Ce spectacle est absolument sublime. Il ne se contente pas d’être drôle et incroyablement réglé lorsque les acrobates deviennent quasiment des clowns et livrent, pour une partie du public, un numéro de mime absolument formidable. Il ne se contente pas d’être charmant dans ses intermèdes plus légers permettant de changer de décor de manière ludique et attrayante. Il ne se contente pas d’être touchant dans les relations qu’on devine entre chacun des personnages. Il ne se contente pas d’être intelligent dans les choix des scènes qu’il propose. Ce spectacle est tout à la fois. Que ce soient des bagarres ou des scènes d’amour qui nous sont présentées en plein vol, ce sont des corps autant que des âmes qui voltigent dans ce spectacle.
Quasiment muet, je suis stupéfaite qu’il me soit apparue aussi clairement – à moi, comme à toute la salle. Il y a cette scène très suggestive où un homme semble se rapprocher d’un autre homme, travesti en femme. Les scolaires présents ce soir-là pouffent au début de la scène. Et les deux corps s’envolent, simulant sans équivoque l’acte d’amour, là-haut, dans les airs – après tout ne parlons-nous pas parfois d’acrobaties sexuelles ? Alors, dans la salle, plus un bruit, ou seulement des chuchotements d’admiration. Il y a des choses comme ça qui n’appellent aucun commentaire et qui nous rassemblent tous autour d’une même émotion. Le beau, par exemple. Tout au long du spectacle, les corps se cherchent, se courent après, s’escaladent, se portent, se collent, se lâchent. Mais rien n’est jamais gratuit.
C’est un cirque qui dit quelque chose, et c’est d’une puissance émotionnelle incomparable. Ça se joue ailleurs que dans le cerveau, de ces choses qui vous retournent de l’intérieur sans que vous en compreniez tout de suite la provenance. Je n’ose imaginer la difficulté de création d’un tel spectacle, mêlant deux mondes si différents – bien que Pierre Guillois ait déjà mis un pied dans le burlesque muet. Tout le monde doit être salué : porteurs, voltigeurs, musiciens, metteur en scène. J’ai du mal à évaluer l’apport de chacun tant le résultat forme un tout évident. J’arrive quand même à percevoir la patte de Pierre Guillois au milieu de ces acrobaties, dans la simplicité, presque la banalité des scènes proposées. Les accessoires sont des frigos, des machines à laver.
Dans la cuisine, une femme s’affaire. Elle prépare le repas, elle est au téléphone. La scène sera répétée cinq, peut-être six fois. Et chaque proposition est différente.

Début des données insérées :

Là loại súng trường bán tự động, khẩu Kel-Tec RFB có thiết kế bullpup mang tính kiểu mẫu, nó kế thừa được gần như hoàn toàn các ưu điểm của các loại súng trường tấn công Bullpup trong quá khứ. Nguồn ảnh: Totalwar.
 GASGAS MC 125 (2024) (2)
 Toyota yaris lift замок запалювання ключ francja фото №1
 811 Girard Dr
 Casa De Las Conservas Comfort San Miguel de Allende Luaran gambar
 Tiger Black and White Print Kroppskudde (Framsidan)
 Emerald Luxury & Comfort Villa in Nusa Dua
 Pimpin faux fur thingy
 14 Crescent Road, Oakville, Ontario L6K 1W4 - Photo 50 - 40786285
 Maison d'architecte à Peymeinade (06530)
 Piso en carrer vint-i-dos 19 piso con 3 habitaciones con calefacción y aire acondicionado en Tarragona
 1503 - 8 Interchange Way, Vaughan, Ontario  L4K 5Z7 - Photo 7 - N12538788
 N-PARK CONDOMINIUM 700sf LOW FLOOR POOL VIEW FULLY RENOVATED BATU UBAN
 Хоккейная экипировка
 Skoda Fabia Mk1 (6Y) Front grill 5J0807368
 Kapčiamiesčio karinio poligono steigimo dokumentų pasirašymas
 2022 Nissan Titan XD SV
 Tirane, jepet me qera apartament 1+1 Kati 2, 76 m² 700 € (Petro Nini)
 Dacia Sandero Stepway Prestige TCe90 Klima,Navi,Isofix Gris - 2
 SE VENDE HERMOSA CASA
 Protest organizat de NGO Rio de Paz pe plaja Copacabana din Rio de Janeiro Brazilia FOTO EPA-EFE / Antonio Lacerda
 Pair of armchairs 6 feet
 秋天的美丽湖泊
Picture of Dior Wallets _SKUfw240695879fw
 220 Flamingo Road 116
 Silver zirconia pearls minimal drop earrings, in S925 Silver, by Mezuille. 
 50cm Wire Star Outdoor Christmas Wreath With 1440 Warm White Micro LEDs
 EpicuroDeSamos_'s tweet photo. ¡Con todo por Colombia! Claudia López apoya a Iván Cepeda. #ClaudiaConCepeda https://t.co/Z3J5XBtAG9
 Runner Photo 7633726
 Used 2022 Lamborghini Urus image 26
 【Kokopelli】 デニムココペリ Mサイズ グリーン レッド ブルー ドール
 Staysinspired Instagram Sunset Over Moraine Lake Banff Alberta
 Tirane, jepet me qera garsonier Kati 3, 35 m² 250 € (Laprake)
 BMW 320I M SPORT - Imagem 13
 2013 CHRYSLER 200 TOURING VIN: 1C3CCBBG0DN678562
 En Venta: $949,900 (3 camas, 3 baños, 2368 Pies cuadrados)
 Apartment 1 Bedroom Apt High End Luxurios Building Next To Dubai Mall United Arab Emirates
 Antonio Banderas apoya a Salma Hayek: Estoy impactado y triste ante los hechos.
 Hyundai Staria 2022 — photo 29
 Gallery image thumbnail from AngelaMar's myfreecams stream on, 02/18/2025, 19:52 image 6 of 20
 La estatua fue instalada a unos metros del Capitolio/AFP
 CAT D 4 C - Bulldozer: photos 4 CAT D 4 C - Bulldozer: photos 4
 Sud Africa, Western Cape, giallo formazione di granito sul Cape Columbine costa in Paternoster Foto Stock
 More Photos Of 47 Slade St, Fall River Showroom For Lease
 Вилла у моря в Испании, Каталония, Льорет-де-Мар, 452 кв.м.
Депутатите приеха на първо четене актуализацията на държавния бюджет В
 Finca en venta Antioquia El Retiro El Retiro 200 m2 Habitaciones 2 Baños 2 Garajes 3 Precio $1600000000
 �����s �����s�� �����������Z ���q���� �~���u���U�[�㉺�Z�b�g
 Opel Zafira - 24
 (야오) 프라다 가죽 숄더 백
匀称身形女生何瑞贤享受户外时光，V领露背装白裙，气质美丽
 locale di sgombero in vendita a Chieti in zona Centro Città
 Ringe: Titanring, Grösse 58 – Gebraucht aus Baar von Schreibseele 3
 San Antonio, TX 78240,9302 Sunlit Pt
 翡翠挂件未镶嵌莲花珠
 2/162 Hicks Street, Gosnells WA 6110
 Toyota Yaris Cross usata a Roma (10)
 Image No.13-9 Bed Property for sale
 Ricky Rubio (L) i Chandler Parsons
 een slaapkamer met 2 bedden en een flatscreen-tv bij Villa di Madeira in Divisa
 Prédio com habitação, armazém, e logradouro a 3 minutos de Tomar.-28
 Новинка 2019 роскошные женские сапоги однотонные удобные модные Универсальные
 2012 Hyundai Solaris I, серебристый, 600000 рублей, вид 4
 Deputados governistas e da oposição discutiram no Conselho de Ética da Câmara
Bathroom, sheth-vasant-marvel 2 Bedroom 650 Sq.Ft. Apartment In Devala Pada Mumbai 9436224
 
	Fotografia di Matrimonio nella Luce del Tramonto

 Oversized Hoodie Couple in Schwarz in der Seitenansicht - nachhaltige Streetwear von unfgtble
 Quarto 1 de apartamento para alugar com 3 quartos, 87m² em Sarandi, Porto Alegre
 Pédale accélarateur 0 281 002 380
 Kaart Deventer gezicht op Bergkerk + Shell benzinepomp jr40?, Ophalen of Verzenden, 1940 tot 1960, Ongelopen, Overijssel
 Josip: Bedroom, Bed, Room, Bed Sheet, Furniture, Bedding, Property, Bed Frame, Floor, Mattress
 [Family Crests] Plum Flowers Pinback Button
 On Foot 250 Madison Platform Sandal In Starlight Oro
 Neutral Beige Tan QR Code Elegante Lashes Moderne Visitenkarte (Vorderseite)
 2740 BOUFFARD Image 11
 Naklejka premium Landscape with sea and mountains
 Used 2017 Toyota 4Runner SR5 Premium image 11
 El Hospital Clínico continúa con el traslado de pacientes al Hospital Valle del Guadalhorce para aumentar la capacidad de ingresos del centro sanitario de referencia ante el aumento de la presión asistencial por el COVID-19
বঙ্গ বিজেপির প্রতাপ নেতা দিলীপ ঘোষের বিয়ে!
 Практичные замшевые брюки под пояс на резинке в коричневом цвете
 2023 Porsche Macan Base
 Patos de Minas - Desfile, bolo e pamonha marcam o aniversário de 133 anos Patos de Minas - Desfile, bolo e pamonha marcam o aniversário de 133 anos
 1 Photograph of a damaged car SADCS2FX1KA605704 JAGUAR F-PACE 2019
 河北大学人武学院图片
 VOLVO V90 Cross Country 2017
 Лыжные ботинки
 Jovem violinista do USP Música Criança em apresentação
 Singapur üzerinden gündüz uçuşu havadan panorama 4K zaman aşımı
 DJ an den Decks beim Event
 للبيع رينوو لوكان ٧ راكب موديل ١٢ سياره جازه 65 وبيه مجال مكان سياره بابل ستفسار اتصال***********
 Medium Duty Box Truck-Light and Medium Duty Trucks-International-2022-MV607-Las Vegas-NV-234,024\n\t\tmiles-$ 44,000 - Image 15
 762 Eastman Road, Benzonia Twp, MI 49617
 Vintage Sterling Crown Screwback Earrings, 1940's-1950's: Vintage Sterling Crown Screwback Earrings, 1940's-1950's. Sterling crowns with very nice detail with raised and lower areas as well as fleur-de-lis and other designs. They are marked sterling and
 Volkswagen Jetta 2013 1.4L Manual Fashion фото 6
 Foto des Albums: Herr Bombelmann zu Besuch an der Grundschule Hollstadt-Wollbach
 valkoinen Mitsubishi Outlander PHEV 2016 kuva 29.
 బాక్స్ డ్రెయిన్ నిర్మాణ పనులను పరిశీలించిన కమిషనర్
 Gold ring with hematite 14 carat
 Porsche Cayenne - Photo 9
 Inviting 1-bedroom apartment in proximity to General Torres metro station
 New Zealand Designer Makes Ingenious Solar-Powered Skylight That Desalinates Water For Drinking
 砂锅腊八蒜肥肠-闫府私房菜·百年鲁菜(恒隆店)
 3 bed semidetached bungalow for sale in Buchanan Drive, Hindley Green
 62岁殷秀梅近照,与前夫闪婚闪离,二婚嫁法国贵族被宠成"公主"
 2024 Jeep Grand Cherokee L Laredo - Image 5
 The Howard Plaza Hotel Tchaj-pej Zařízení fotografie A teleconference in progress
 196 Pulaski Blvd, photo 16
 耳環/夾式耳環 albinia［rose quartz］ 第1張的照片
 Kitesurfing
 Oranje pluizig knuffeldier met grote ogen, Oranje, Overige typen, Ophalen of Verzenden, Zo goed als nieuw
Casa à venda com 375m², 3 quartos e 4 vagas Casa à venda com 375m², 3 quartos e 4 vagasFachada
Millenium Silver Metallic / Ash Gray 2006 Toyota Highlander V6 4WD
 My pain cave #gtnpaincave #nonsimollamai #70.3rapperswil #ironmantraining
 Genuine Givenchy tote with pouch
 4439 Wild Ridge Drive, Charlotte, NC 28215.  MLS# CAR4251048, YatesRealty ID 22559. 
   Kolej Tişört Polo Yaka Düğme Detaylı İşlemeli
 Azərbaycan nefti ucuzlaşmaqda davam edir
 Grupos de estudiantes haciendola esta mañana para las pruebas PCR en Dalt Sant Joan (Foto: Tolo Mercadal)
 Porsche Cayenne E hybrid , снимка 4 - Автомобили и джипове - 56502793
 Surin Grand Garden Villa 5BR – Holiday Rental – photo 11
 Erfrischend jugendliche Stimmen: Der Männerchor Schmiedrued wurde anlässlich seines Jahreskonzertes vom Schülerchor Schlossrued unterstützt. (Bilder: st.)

Les portés sont près du sol et pourtant ces figures ont quelque chose de spectaculaire. Tout le monde retient son souffle. Et dans mon cerveau, soudain, une lumière s’active : cette femme que je vois s’activer dans sa cuisine, qui téléphone, qui effectue un salto, qui met le micro-onde en marche, qui attend un enfant, cette femme qui fait 10 000 choses en même temps… elle me fait penser à quelqu’un, et même à plusieurs personnes. A beaucoup de femmes, en réalité.